» **What you have to do**:
Output all the data exactly. Pictures do not belong in the copy.

» **Source data**:
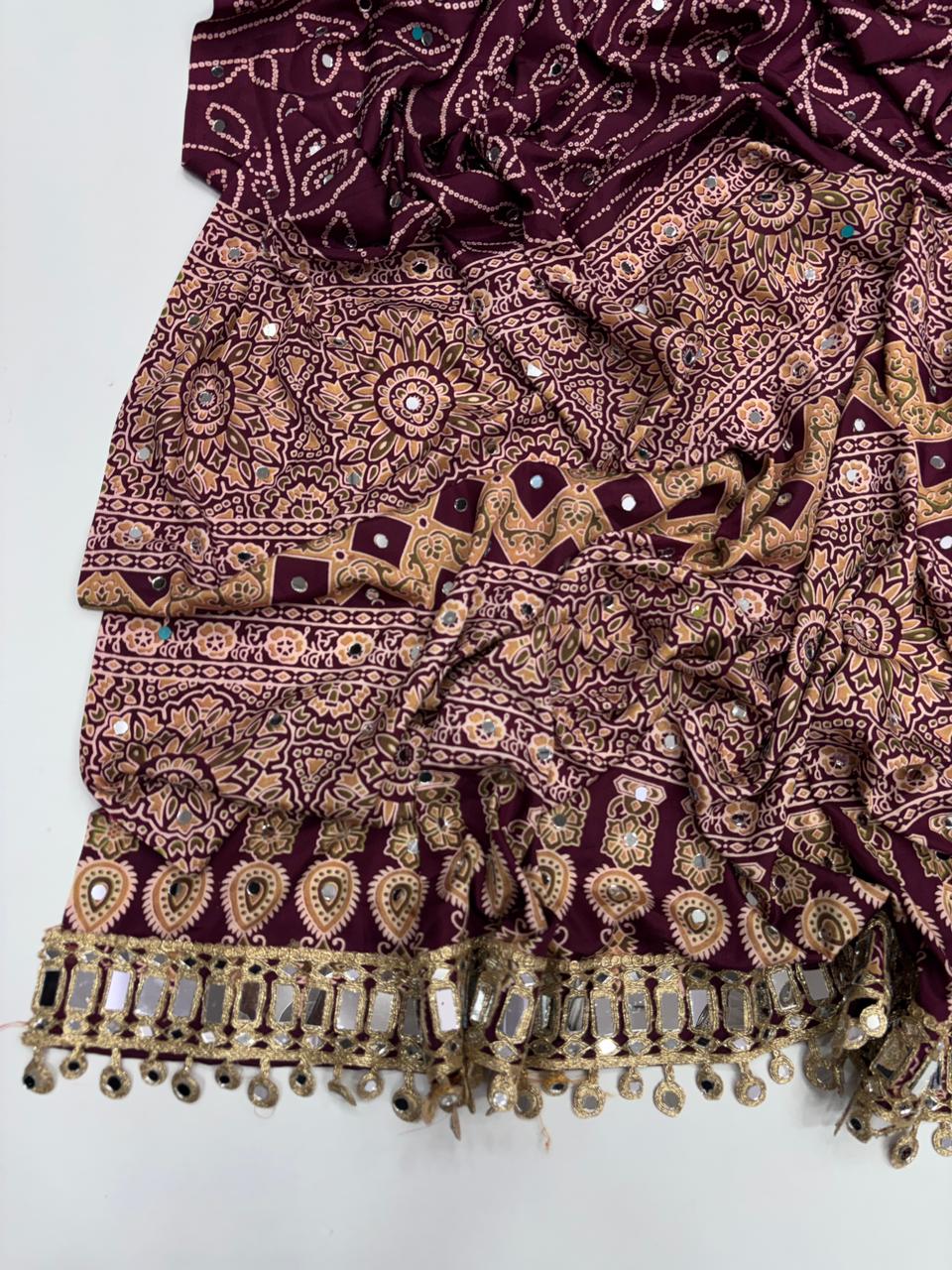 Gratifying Function Wear Pure Satin Silk Ajrak Printed Rich Pallu n Mirror Work Designer Saree With Blouse Piece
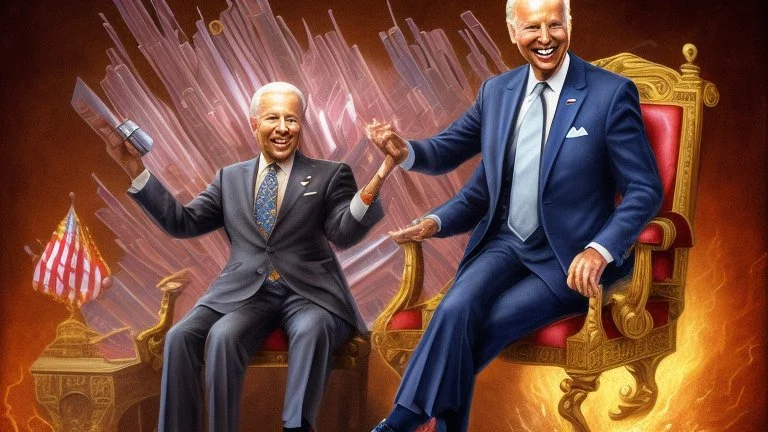 Joe Biden sitting on a throne of classified documents laughing in a menacing demeanor.”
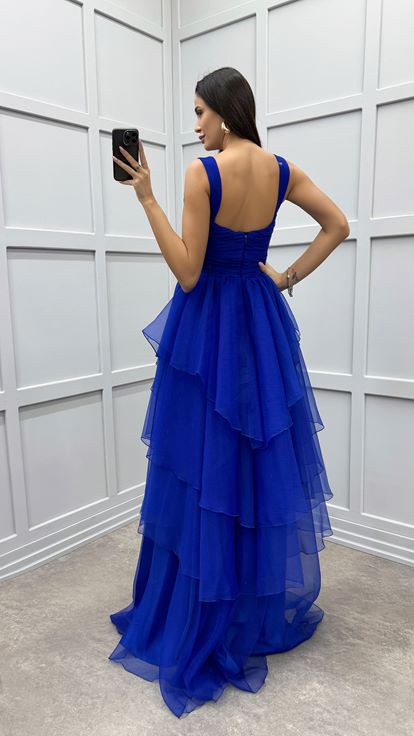Vestido de gasa de diseño en capas plisado en el pecho de Sax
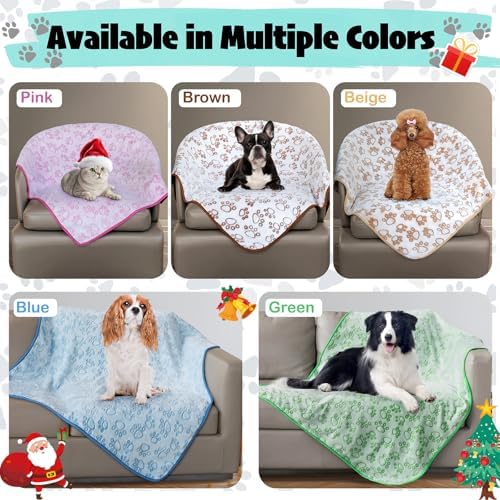Green Soft Puppy Blanket, with Flannel Green Cute Paw Print, 24 * 32 inches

» **Answer space**:
 Gratifying Function Wear Pure Satin Silk Ajrak Printed Rich Pallu n Mirror Work Designer Saree With Blouse Piece
 Joe Biden sitting on a throne of classified documents laughing in a menacing demeanor.”
Vestido de gasa de diseño en capas plisado en el pecho de Sax
Green Soft Puppy Blanket, with Flannel Green Cute Paw Print, 24 * 32 inches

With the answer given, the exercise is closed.